9/30/2013

ECI concludes one week mission to the UN

- Israel should not be left alone to face Iranian threat


 
New York, September 30th, 2013 – On Saturday, the European Coalition for Israel concluded a one week mission to the UN in New York in conjunction with the opening week of the 68th UN General Assembly. As government leaders from 193 member states gathered at the UN headquarters, ECI had private meetings with government delegations and UN diplomats where they reminded these leaders of the centrality of Jewish thought in achieving the overall objectives of this world organisation - that is, world peace.
 
’The words outside the UN headquarters, where verses from Isaiah 2 are engraved on the wall, illustrate the centrality of Jerusalem and the Jewish people in achieving world peace. The modern state of Israel should therefore be celebrated and not marginalised by the UN body’, ECI director Tomas Sandell said in a statement on Saturday.
 
One first step in normalising relations with the Jewish state and the UN is immediately to recognise and respect the Jewish High Holidays and abstain from organising important meetings on these days. This year the Prime Minister of Israel was unable to attend the opening week of the UN General Assembly because of the Jewish holiday of Succot. When the Palestinian delegation spoke in the UN, the whole Israeli delgation was absent - not in protest, but because they were observing Succot, the Feast of Tabernacles.
’No Christian leader would tolerate a UN meeting on Christmas Day, nor would Muslims accept taking part in meetings on Eid al-Fitr, the breaking of the fast on the last day of Ramadan. Leaders who follow Jewish traditions should not be treated any differently’, Sandell said.
 
More importantly, Israel is the only state which is threatened with annihilation by another UN member state, namely Iran.
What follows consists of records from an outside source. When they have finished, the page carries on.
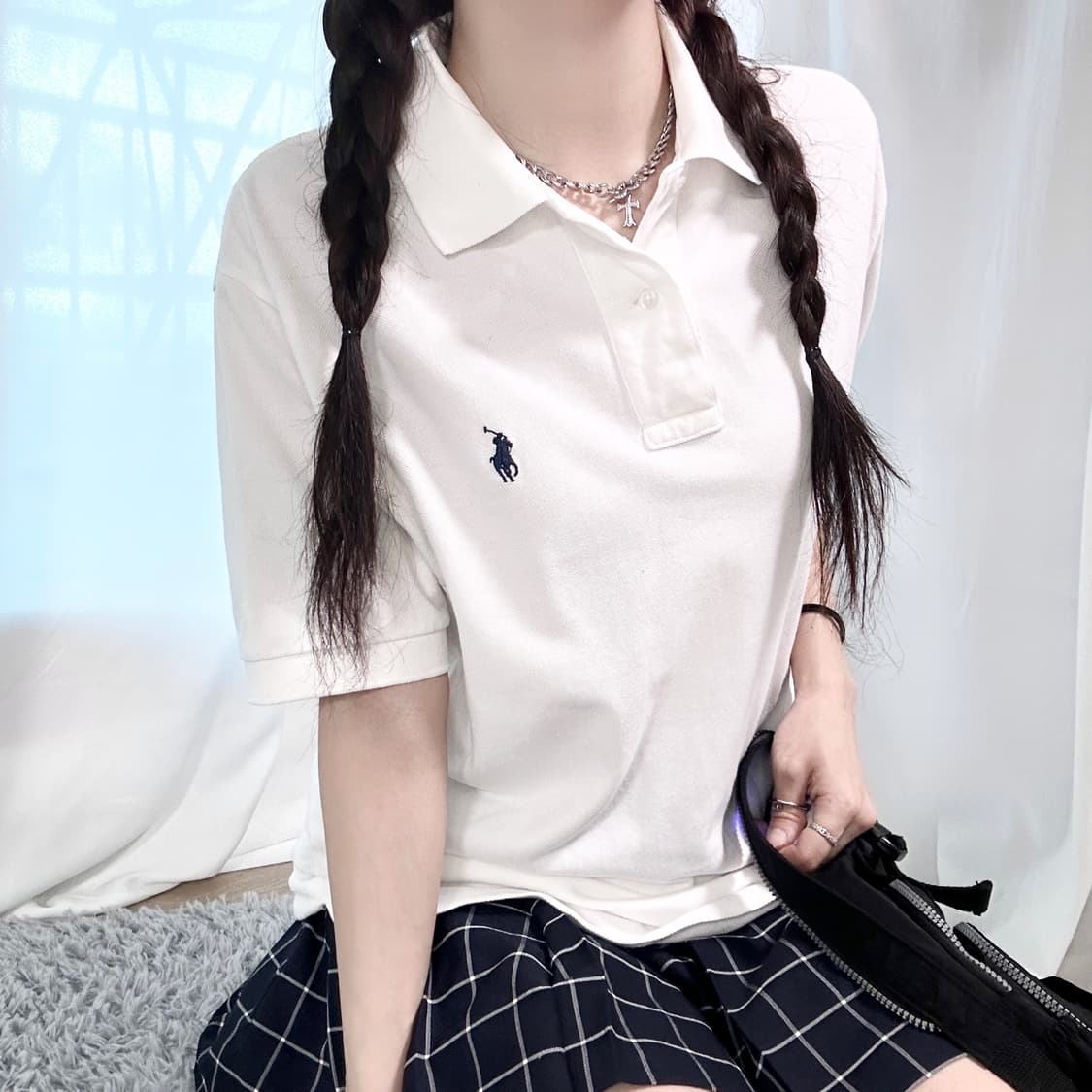 폴로 네이비포니 화이트 카라티 상품이미지2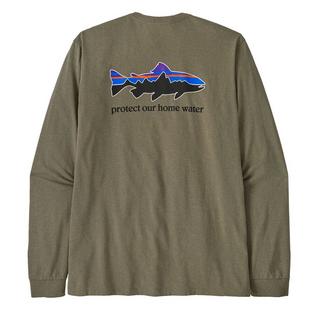 Patagonia Haut &agrave; manches longues Home Water Trout Responsibili-Tee® pour hommes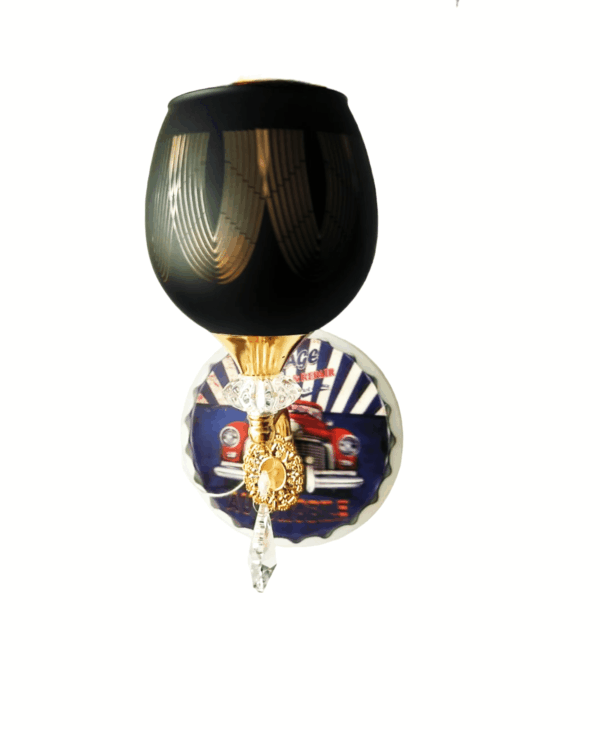 TRACKLITE WALL LIGHT soft light Simple Bedside LIGHT, Fabric Crystal Red LED Eye Protection Dimmable Night WALL LIGHT ,for Family Bedroom Study Children Desk (Color : Red, Black ( WITH 1 BULB FREE )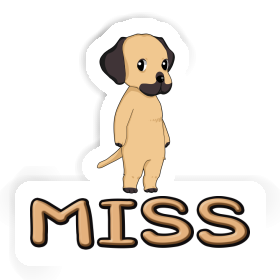 Rhodesian Ridgeback Sticker Miss Image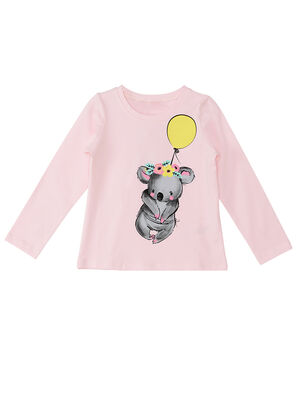 Balonlu Koala Kız Çocuk T-shirt Pantolon Takım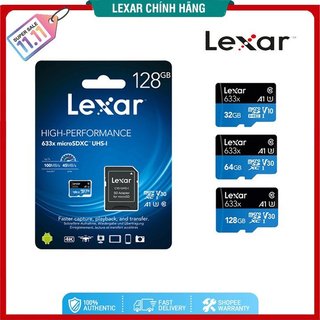 Thẻ nhớ chính hãng LEXAR 32GB | 64GB | 128GB | 256GB Cao cấp, tốc độ đọc lên tới 100Mb/s - Bảo hành chính Hãng Mai Hoàng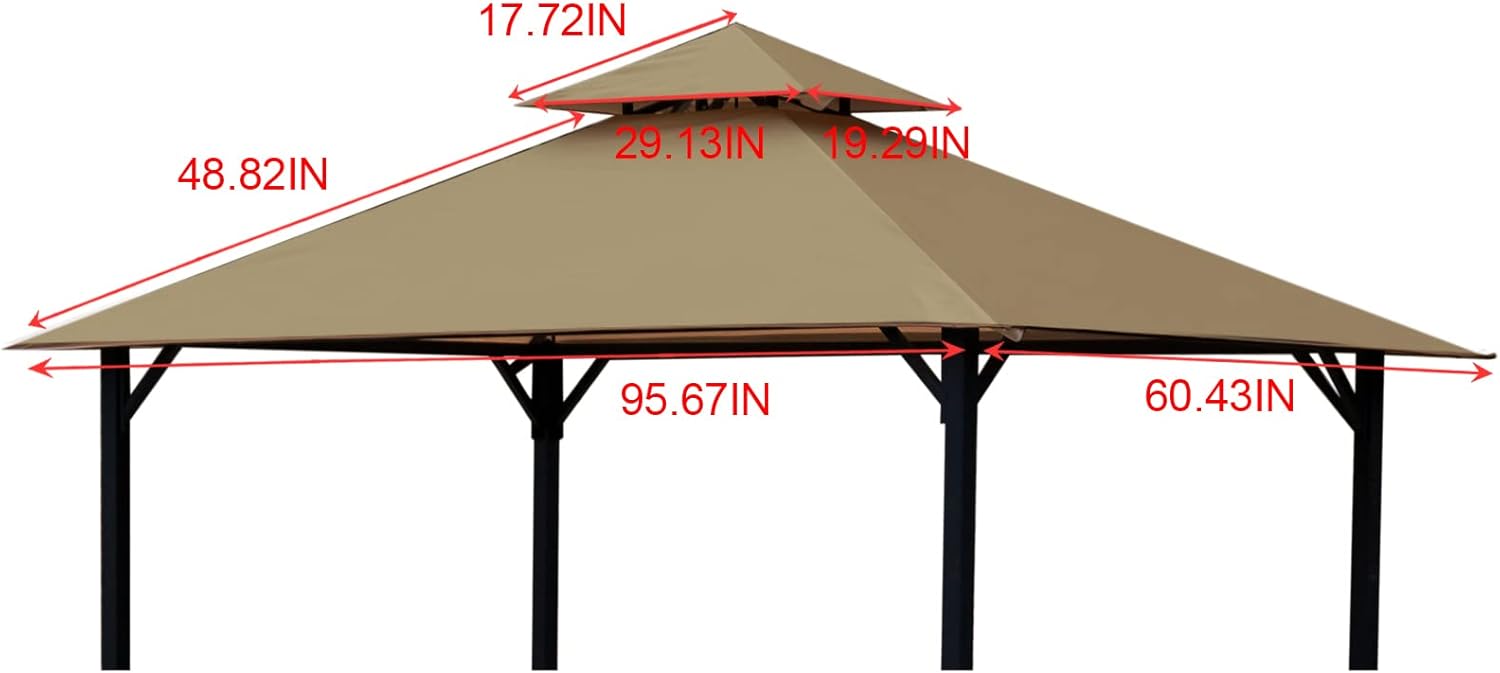 Grill Gazebo Replacement Canopy Roof
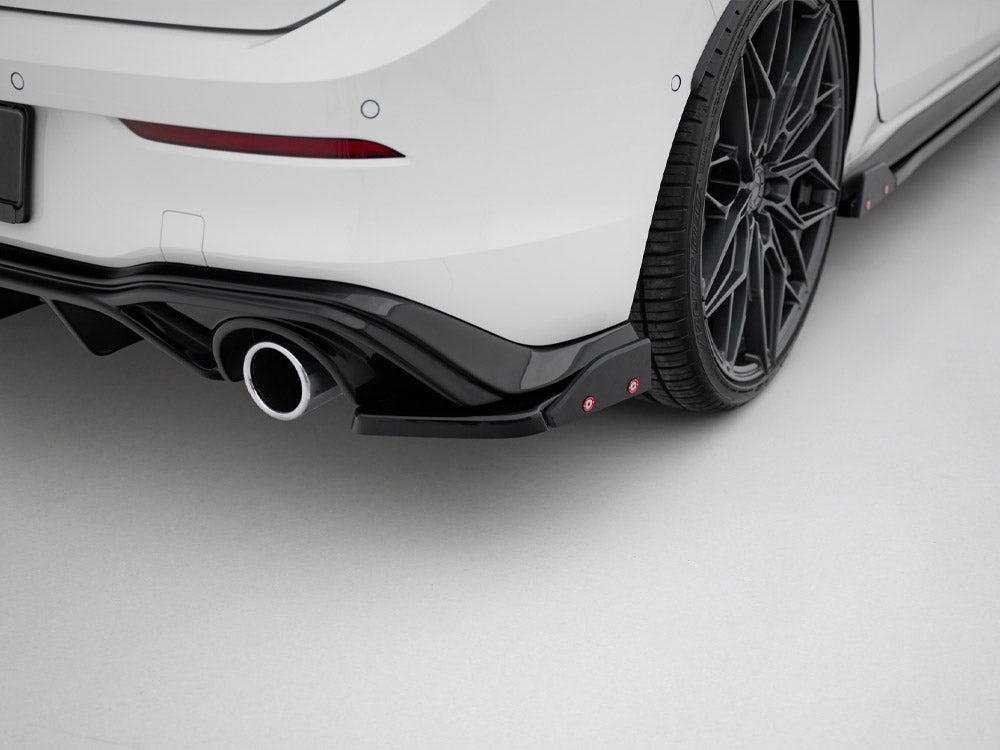 Maxton Design Rear Side Splitters V.4 + Flaps Volkswagen Golf GTI / GTE Mk8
Although the new Iranian leader Hassan Rouhani struck a more moderate tone in his speech at the UNGA earlier in the week, the international community should demand concrete actions to ensure that he is willing to adhere to the demands of the international community and dismantle his nuclear program.
Although Rouhani is speaking the language of the Western elite, he remains an Iranian insider and a Shiite cleric, committed to the destruction of Israel.
 
History teaches us that nice words are not enough to achieve ”peace in our time.” President Rouhani continued to offer no concrete proposal as to how he would comply with the demands of the international community but seemed more interested in buying time and delaying the diplomatic process.
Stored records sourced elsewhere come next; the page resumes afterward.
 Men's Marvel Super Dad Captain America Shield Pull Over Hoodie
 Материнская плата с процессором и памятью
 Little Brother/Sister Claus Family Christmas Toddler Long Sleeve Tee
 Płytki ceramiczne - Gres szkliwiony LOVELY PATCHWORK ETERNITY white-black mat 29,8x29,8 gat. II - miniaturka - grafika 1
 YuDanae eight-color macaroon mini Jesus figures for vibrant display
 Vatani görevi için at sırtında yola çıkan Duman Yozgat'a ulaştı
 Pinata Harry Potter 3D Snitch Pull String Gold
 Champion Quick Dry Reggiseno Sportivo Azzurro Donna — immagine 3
As Iran is about to cross the red line set out by the Prime Minister of Israel in his speech last year at the UNGA, the international community now seems less determined to stop the process and more inclined to wait and see.
 
Israel cannot be left alone to face this existential threat but needs the support and determination of the United Nations.  As September 29th marked the 75th Anniversary of the signing of the Munich Agreement the international community should remember the lessons of the past.
 
Prime Minister Benjamin Netanyahu will be addressing the UNGA on Tuesday morning, local time.
This was the third consecutive year that the European Coalition for Israel has sent a delegation to New York to the Opening Session of the United Nations General Assembly.